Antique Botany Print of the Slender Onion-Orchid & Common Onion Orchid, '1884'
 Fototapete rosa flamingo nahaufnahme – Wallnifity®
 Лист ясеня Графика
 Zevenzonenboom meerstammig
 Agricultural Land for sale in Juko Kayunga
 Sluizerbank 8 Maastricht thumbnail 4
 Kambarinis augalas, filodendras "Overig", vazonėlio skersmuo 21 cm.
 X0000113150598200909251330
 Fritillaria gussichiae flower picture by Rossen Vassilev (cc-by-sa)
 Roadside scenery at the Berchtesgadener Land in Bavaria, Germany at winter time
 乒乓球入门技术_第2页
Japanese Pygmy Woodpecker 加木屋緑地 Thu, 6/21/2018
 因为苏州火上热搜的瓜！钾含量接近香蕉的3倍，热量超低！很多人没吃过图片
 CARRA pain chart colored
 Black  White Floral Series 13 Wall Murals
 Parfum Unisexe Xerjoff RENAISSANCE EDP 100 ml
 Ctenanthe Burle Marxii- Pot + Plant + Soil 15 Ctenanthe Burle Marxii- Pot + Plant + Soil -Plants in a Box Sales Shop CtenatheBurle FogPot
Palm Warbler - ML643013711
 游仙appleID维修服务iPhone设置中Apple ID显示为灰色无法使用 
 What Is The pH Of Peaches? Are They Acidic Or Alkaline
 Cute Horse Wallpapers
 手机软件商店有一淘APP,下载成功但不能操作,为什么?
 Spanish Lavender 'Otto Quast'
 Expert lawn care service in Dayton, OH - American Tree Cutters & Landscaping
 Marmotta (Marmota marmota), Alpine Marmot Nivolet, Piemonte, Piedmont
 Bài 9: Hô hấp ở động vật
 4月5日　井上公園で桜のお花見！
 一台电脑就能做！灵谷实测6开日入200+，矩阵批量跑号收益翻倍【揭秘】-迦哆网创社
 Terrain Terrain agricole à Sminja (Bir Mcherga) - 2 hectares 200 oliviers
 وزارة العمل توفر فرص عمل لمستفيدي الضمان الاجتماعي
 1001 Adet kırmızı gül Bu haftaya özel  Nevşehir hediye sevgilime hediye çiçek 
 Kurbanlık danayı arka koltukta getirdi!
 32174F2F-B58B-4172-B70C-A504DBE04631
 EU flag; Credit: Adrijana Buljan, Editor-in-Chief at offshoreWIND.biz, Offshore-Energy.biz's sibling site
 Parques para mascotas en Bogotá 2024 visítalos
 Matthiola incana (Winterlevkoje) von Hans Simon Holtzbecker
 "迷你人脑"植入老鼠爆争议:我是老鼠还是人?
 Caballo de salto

*-*-*

**DESCRIPTION OF THE TASK:** From the entries above, print the lines beginning at the one with "手机软件商店有一淘APP,下载成功但不能操作,为什么?" and stopping after the one with "Terrain Terrain agricole", exactly as written and with nothing else.

**REPLY TO THE EXERCISE:**
 手机软件商店有一淘APP,下载成功但不能操作,为什么?
 Spanish Lavender 'Otto Quast'
 Expert lawn care service in Dayton, OH - American Tree Cutters & Landscaping
 Marmotta (Marmota marmota), Alpine Marmot Nivolet, Piemonte, Piedmont
 Bài 9: Hô hấp ở động vật
 4月5日　井上公園で桜のお花見！
 一台电脑就能做！灵谷实测6开日入200+，矩阵批量跑号收益翻倍【揭秘】-迦哆网创社
 Terrain Terrain agricole à Sminja (Bir Mcherga) - 2 hectares 200 oliviers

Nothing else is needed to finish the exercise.